Oh you win, of course, Kali. But /this/ conversation was started by you
bullying Alan Sondheim off nettime. That's pretty upsetting, probably to
more than one of us, whether you are a particular fan of his work or
not. I've been trying to work out why the hell I care. I haven't been
around nettime for years. I think it's the community thing.

Bullying Sondheim into silence is a great blow struck against male
oppression, of course, but may be upsetting for the community, to the
extent that there is such a thing here. Myself I left ages ago, quietly,
and out of boredom, so it's weird posting yet again, but by the
deafening silence of voices attempting to defend Alan I'm guessing this
isn't the community it used to be.

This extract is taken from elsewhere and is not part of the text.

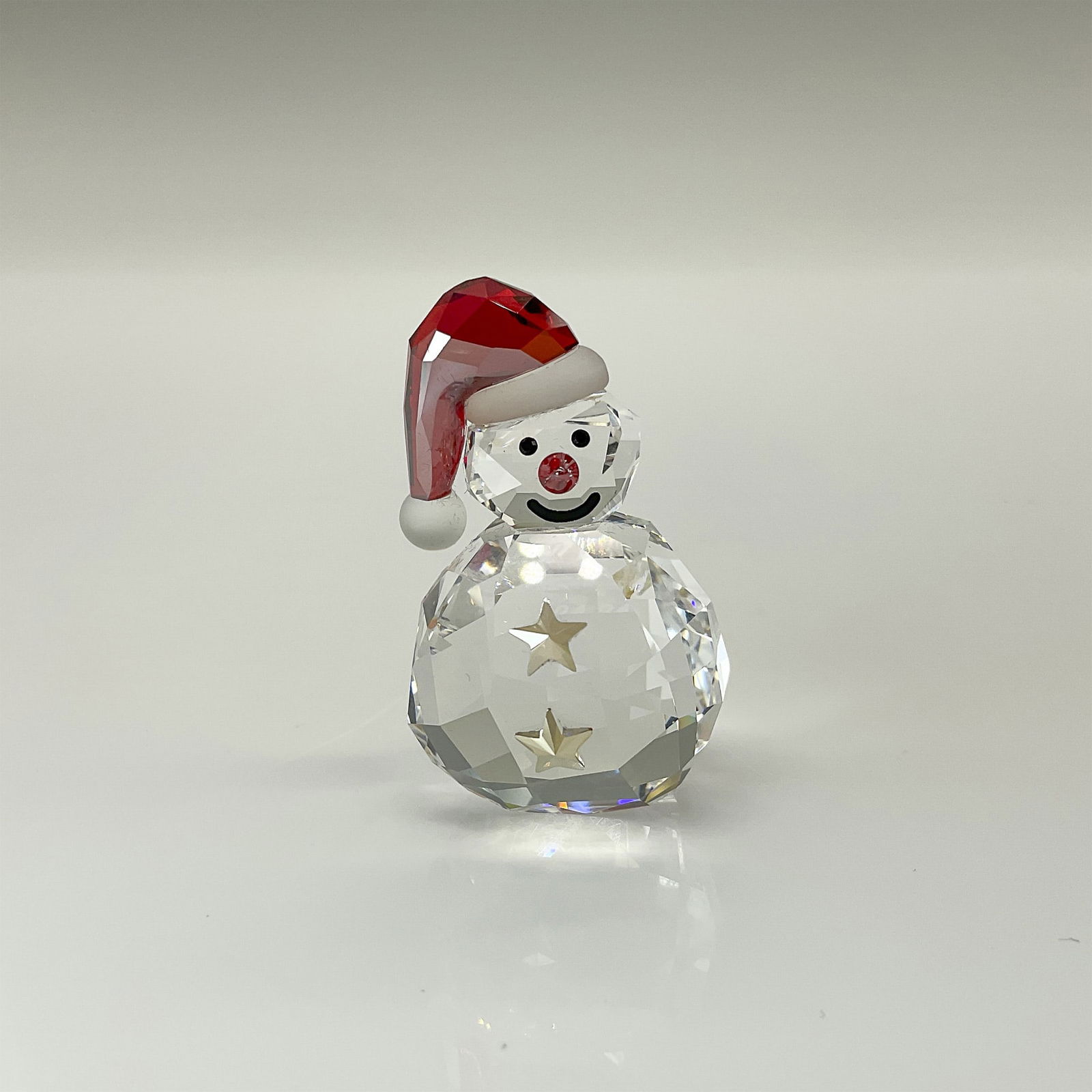 Swarovski Crystal Figurine, Rocking Snowman: Adorable clear crystal smiling snowman figure with red accents on its cap and nose. Swarovski swan mark. This item includes an original box: 1"L x 0.75"W x 1.5"H. Artist: Verena Castelein Issued: 2009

That's natural too. Communities
change. Bullies and trolls come in and hound out the good people. Art is
replaced by criticism, ideas are replaced by censorship, debate by a
cacophony of 'me too, me too', which makes a hell of a racket when
everyone has to compete as to who can use the longest words in order to
express their complete agreement with a point already made. With
footnotes.

> In the glory days of Tech(No)Culture-L in the early 90s, in the  
> middle of a raging flame war about gender, George Landow decided I  
> couldn't possibly be a real person.

So it's happened before, has it.

Have you considered the possibility that the reason you personally find
it 'hard to inhabit the online space' is not because you are a woman but
rather due to what comes across to me as your rude manner and your
bullying nature? That doesn't tend to go down well in the online space,
I have noticed. Or any space.

To horribly mangle the words of Ali G about as far out of context and
place as possible, "Is it because I is a woman" won't cut it when it is
seems plain why it is that online spaces might appear hostile to you.
Your own hostility is being reflected right back at you, an entirely
gender neutral thing.

This is not of course in any way to denigrate the quality of your
argument: now that Sondheim is no longer posting to nettime, women
everywhere can feel the yoke of patriachy has loosened just that little
bit. A friend of mine in Hackney is having a party to celebrate; she
will no doubt send you an invite offlist.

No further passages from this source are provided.